Tuesday, February 7, 2017

Strategy? [TGT]

     There has been a lot of news and prominent investors coming out and saying a load of different things. Some argue that all of Trump's plans will encourage growth and the stock market will continue its bull trend for the foreseeable future. Others are saying that a tax cut could increase the debt dramatically and lead to a market correction. It has been very frothy lately, not wanted to move too much higher of lower since mid December. Seth Klarman in his note to his investors wrote that he is moving toward a larger percentage of cash in his portfolio because he believes there is more downside potential. 

     This is where a strategy is forming in my head. So far the buyers and sellers have pretty much evened each other out. Some small ups and downs, but nothing to really worry about. I have been looking at the stocks that are oversold in this market of mostly overbought securities. More specifically, the RSI, or relative strength index.

   This is the screenshot from finviz where I do my stock screening. I like to look for companies below 30, favorably below 20. So for me that would be step 1. 

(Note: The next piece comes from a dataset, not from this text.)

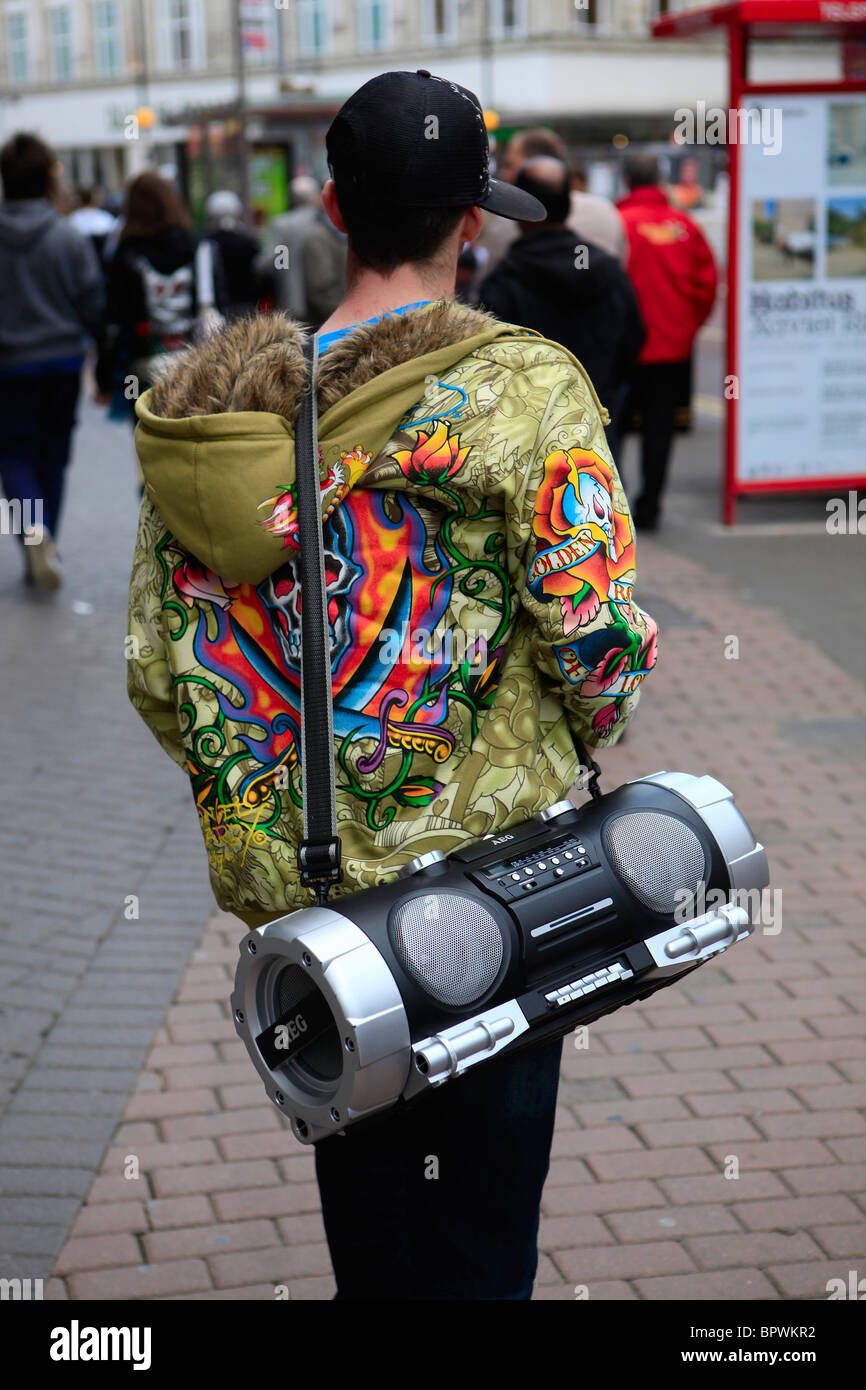 Una persona giovane con un boombox cammina per le strade del centro città di Belfast,, Irlanda del Nord, Regno Unito, su ottobre 04 2009. Foto Stock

     Step 2 is to find a stock that in your own eyes looks good. The one I have picked was under 20 a few days ago but has since breached 20 to 28 in the RSI indicator. I picked this one stock because the companies has stores all over the United States and is in no trouble of bankruptcy. They stand to benefit a great deal from any corporate tax cut President Trump and his administration agree to and they are at 2 year lows. The stock I have picked, and actually many top analysts have picked, is Target Corporation. 

Target    [TGT]

     Posted below will be the screenshot from stockcharts.com regarding the daily numbers. 

     The things I don't like about this chart revolve primarily around the moving averages. In a bearish move, the 50 day exponential has crossed under the 200 and it looks like the normal is right behind. That's to be expected though considering the big movements of this stock. They were brought up high with most other stocks during election time and since has come down to below pre election levels. The jump up likely was due to people acting out of emotion causing the markets to behave inefficiently. 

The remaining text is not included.